Shared insight on making a differential diagnosis of polycythemia vera and properly risk-stratifying patients who present with this disease.
Pankit Vachhani, MD: Polycythemia vera is diagnosed at a median age of roughly about 60 years. In most patients, it is actually diagnosed in an incidental fashion. Someone goes to their primary care physician or some other physician for a regular blood check and is found to have elevated hemoglobin or hematocrit. However, there is a fraction of patients who do present with disease-related symptoms. Now, these could be headaches, or visual disturbances, or pruritis. Or the more complicated ones, including, for example, thrombotic episodes or bleeding episodes. For example, in a large series of about 1,500 patients who had WHO [World Health Organization]–defined polycythemia vera, almost a third of patients presented with palpable spleen, had pruritis, also had vasomotor symptoms like erythromelalgia. And in terms of thrombotic episodes, about 16% had an arterial thrombotic episode at the time or prior to their diagnosis.

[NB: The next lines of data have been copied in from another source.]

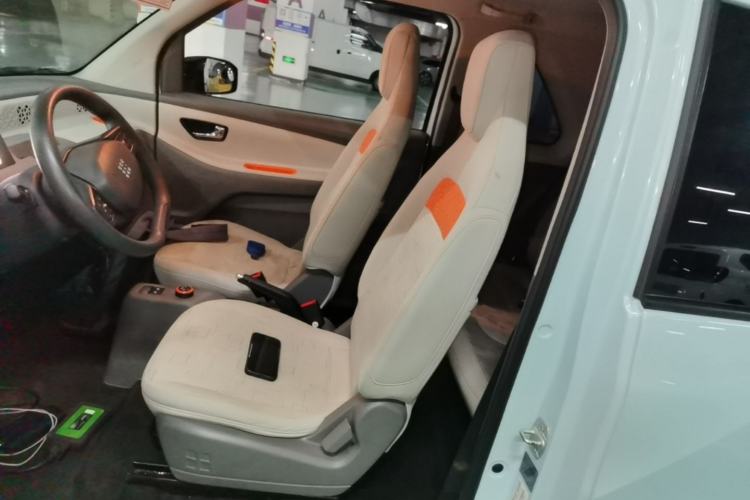 Used Dongfeng Fengon MINIEV 2022 Shishi Style Practical Version Left Front Seat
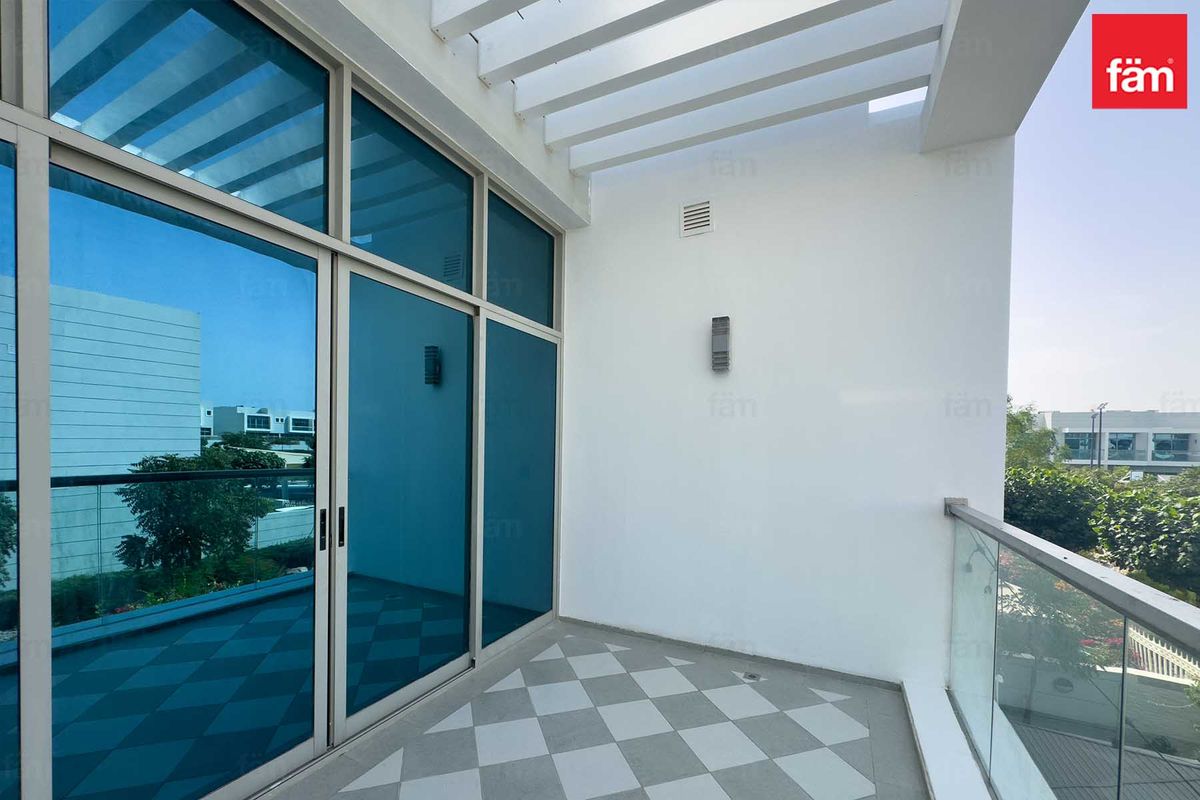 View Today | Ready To Move | Beautiful Townhouse-9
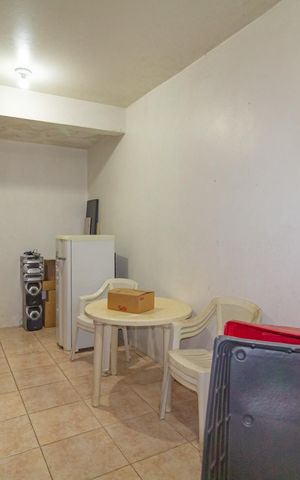 Casa à venda com 254m², 4 quartos e 5 vagas Casa à venda com 254m², 4 quartos e 5 vagasQuarto 3
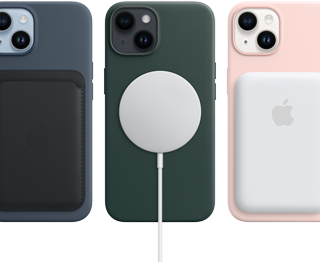 iPhone 14 için gece yarısı, orman yeşili ve puslu pembe MagSafe kılıfları cüzdan, şarj aygıtı ve harici pil gibi MagSafe aksesuarlarıyla birlikte gösteriliyor.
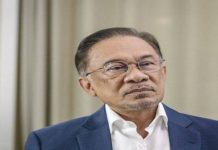 Anwar gesa kerajaan PN adakan sidang Parlimen segera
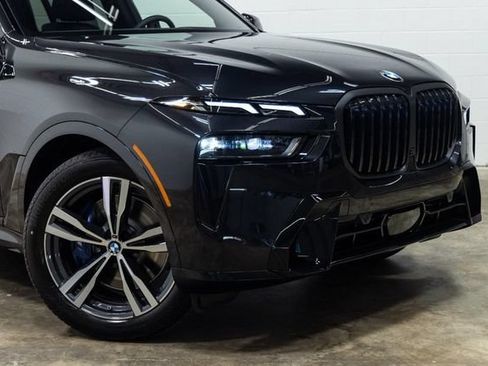 Used 2026 BMW X7 xDrive40i w/ M Sport Package AWD/4WD image 7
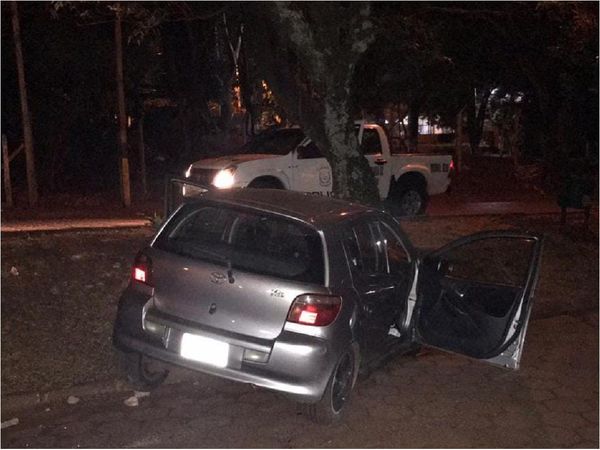 Joven fallece en accidente tras chocar contra un árbol en Ciudad de Este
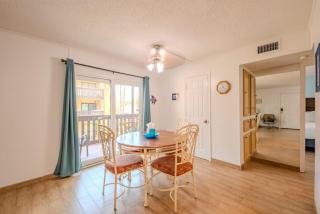 Herons Haven Coastal Elegance with Pool Access 223 - South Padre Island - 8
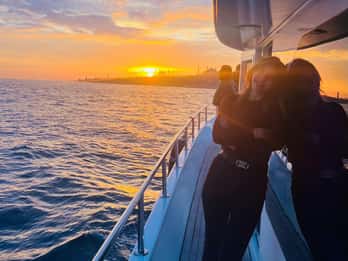 Estambul: Crucero en yate por el Bósforo al atardecer o de noche y traslados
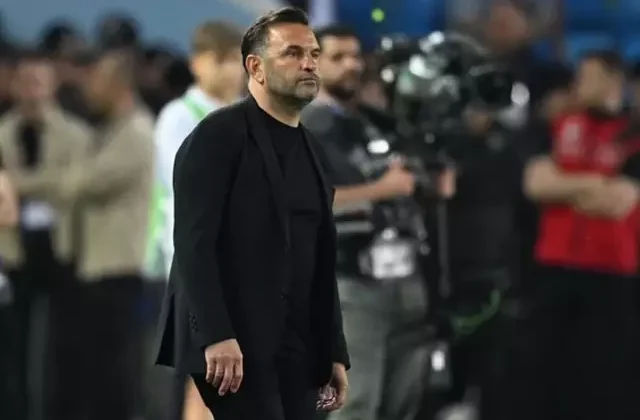 Okan Buruk gelecek sezonla ilgili ipucunu verdi: Bu sene 3, seneye de 4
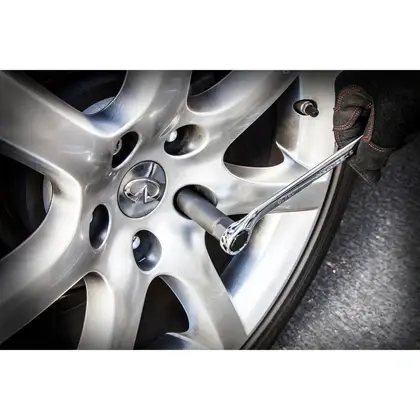 Thumbnail: 5-Spline 5/8-Inch Locking Lug Nut Socket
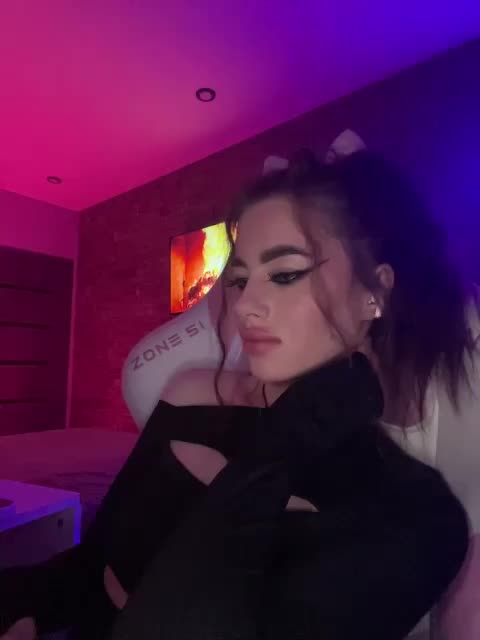 HotGirlEva Adult Chat September 24, 2025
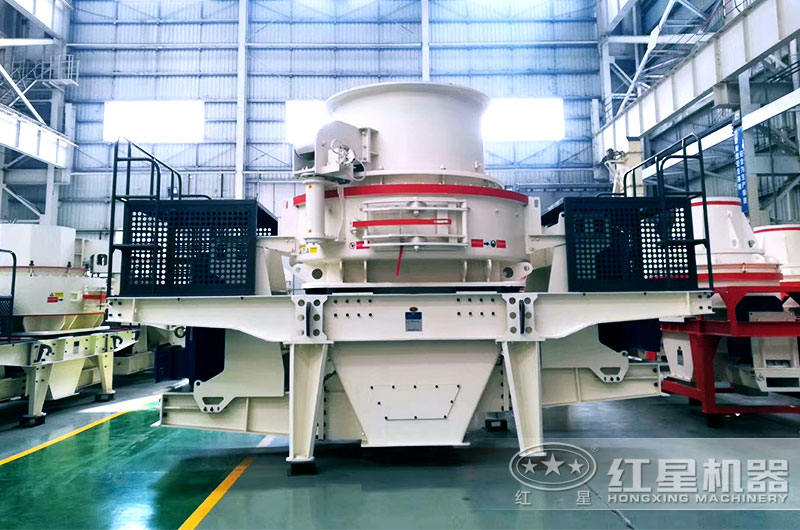 HVI制砂機(jī)液壓蓋可打開，方便檢查與維修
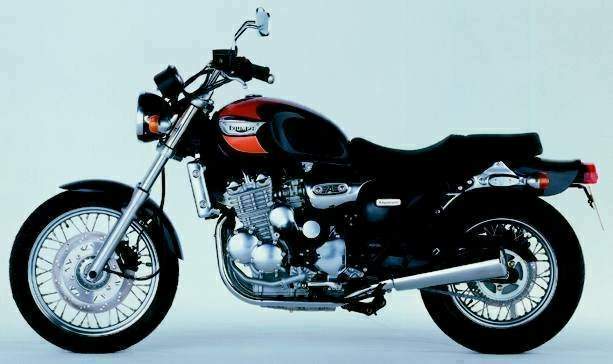 Triumph store adventurer 900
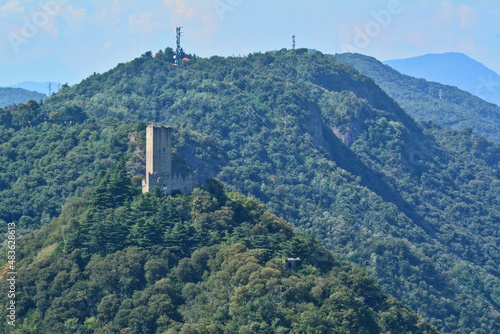 Fotografia Il Castel Baradello da un punto panoramico sul Monte Goj a Como.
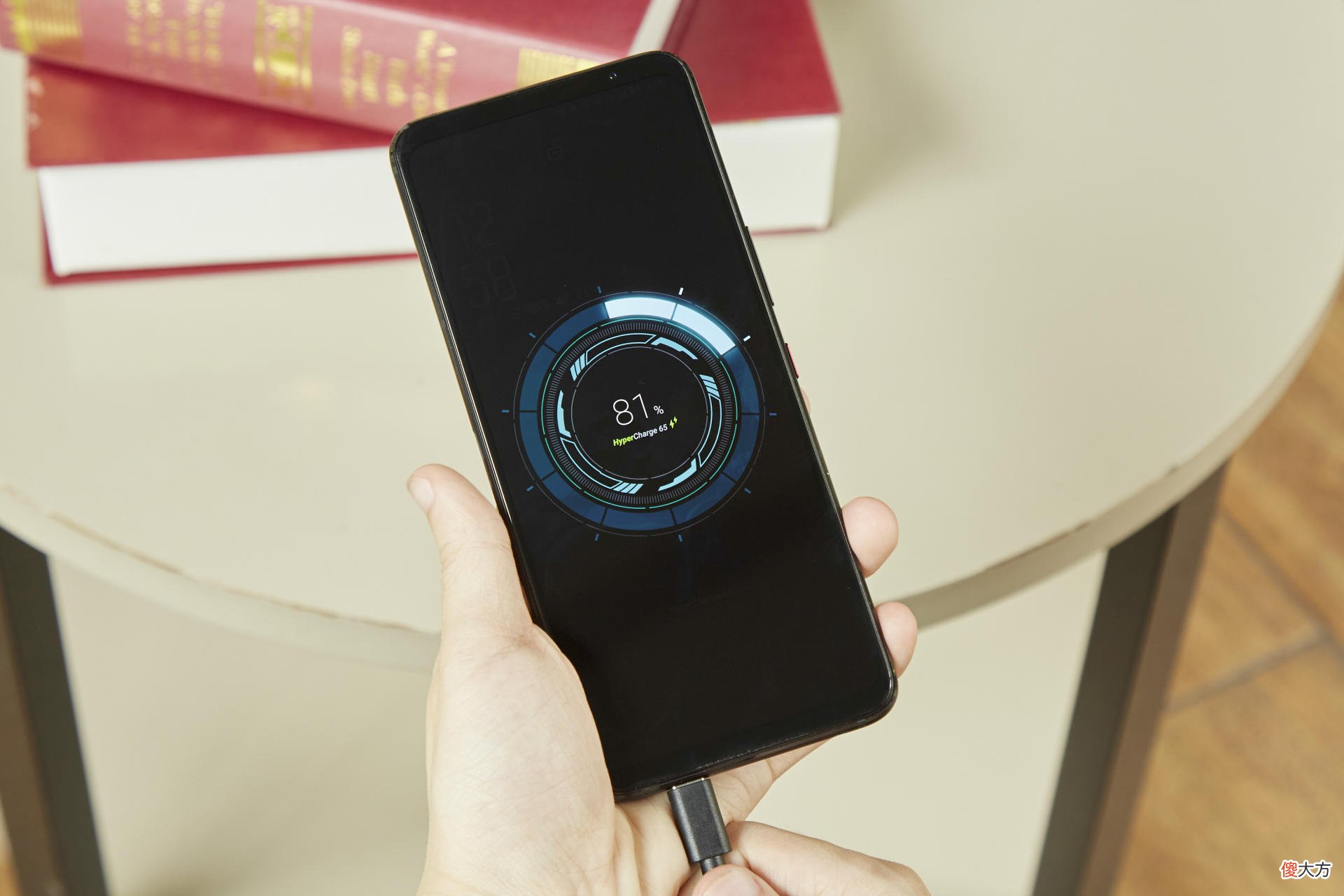 ROG游戏手机5延续长续航神话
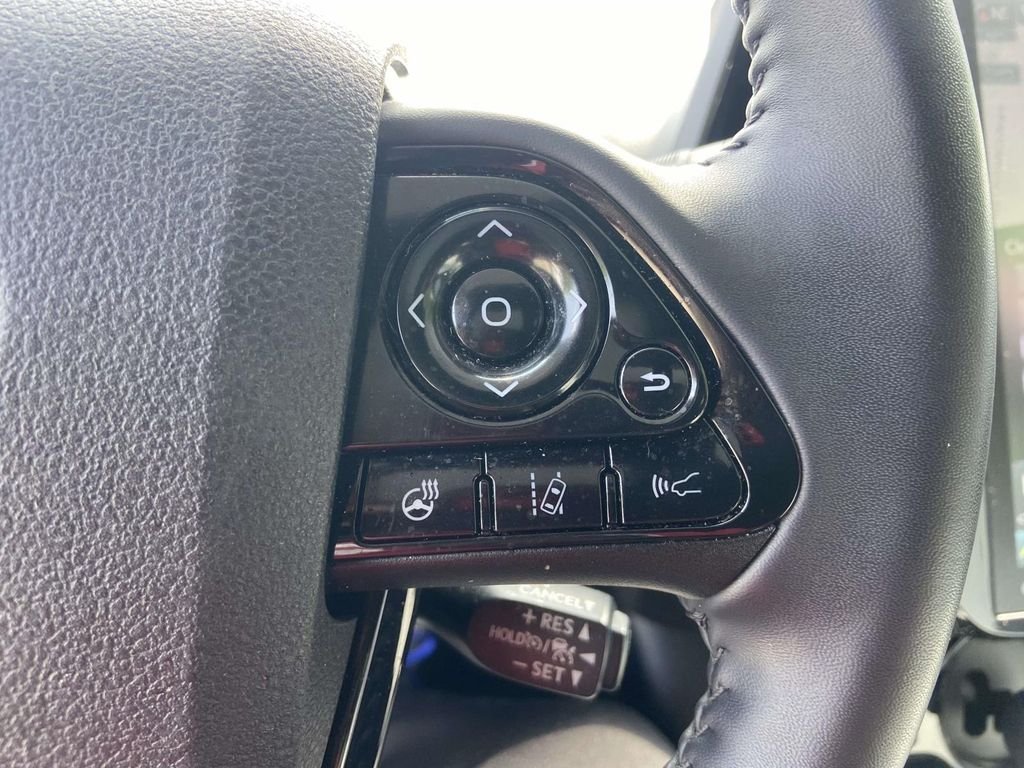 Used 2019 Red Toyota Limited image 35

For venous thrombosis that incidence was 7%, and for major hemorrhagic episodes, it was 4%. But in addition to those symptoms, one should also know that elevated white blood cell count and platelet counts can also be present in polycythemia vera. Something on physical exam that we noticed is a facial platter, which is quite classic, but definitely not entirely specific to polycythemia vera. And erythromelalgia is something that we very well know at this point to be associated with polycythemia vera and essential thrombocytosis. Generally, it correlates with a platelet count of more than 400,000 at diagnosis.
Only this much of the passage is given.